**INSTRUCTIONS TO FOLLOW**: Output the full listing below exactly; the images stay out.

**RECORDED DATA**:
★ ★ ★ ★ ★ ★ ★

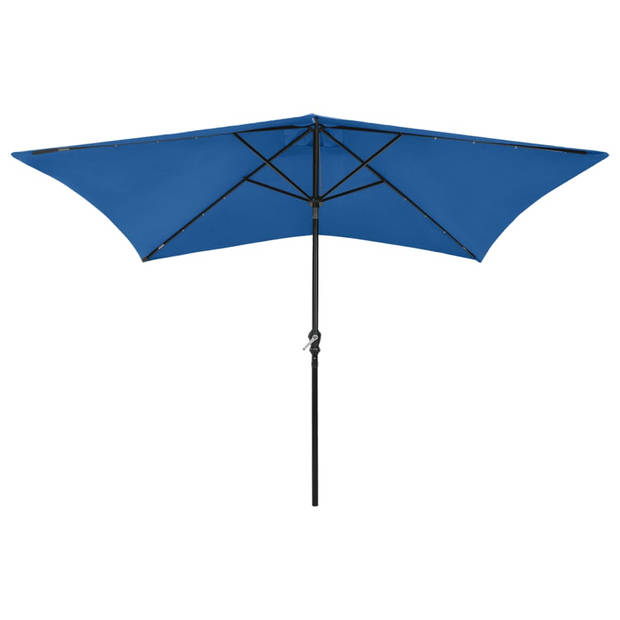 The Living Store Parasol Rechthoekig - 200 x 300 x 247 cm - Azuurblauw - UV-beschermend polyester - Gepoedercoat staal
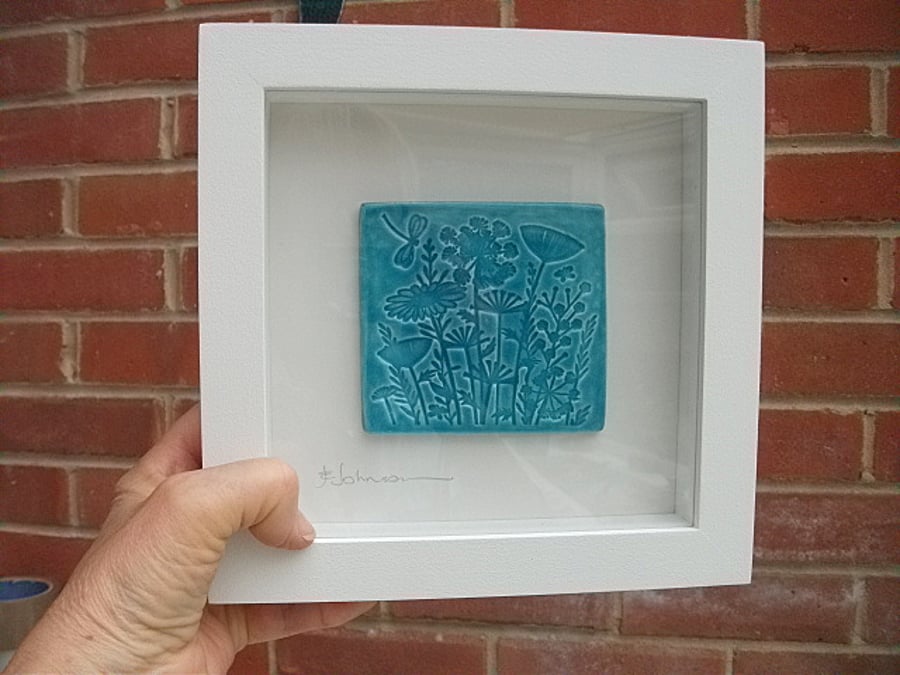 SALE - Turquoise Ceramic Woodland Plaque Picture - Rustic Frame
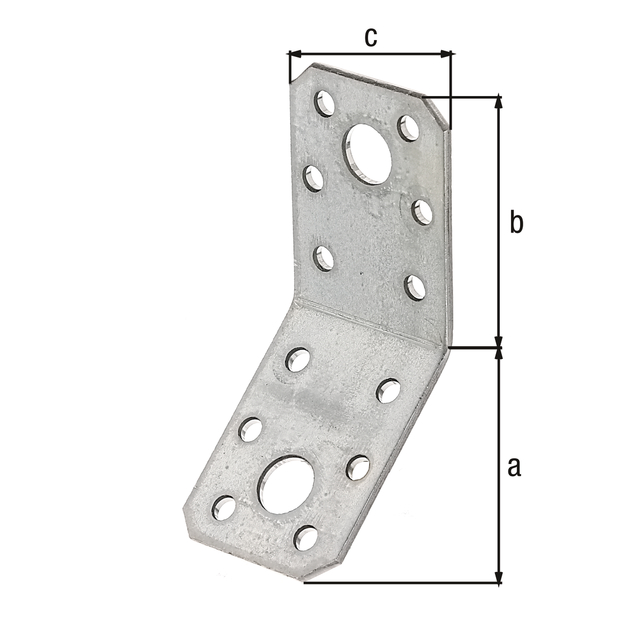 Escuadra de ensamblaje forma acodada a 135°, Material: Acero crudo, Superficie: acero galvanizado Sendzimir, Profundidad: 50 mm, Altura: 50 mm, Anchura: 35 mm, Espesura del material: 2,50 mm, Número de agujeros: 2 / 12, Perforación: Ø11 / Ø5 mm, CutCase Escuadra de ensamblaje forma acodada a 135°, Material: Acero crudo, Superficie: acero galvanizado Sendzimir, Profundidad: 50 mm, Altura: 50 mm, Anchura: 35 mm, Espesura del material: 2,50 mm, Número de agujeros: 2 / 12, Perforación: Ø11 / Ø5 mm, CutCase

★ ★ ★ ★ ★ ★ ★

**ANSWER TO THIS PROBLEM**:
 The Living Store Parasol Rechthoekig - 200 x 300 x 247 cm - Azuurblauw - UV-beschermend polyester - Gepoedercoat staal
 SALE - Turquoise Ceramic Woodland Plaque Picture - Rustic Frame
 Escuadra de ensamblaje forma acodada a 135°, Material: Acero crudo, Superficie: acero galvanizado Sendzimir, Profundidad: 50 mm, Altura: 50 mm, Anchura: 35 mm, Espesura del material: 2,50 mm, Número de agujeros: 2 / 12, Perforación: Ø11 / Ø5 mm, CutCase Escuadra de ensamblaje forma acodada a 135°, Material: Acero crudo, Superficie: acero galvanizado Sendzimir, Profundidad: 50 mm, Altura: 50 mm, Anchura: 35 mm, Espesura del material: 2,50 mm, Número de agujeros: 2 / 12, Perforación: Ø11 / Ø5 mm, CutCase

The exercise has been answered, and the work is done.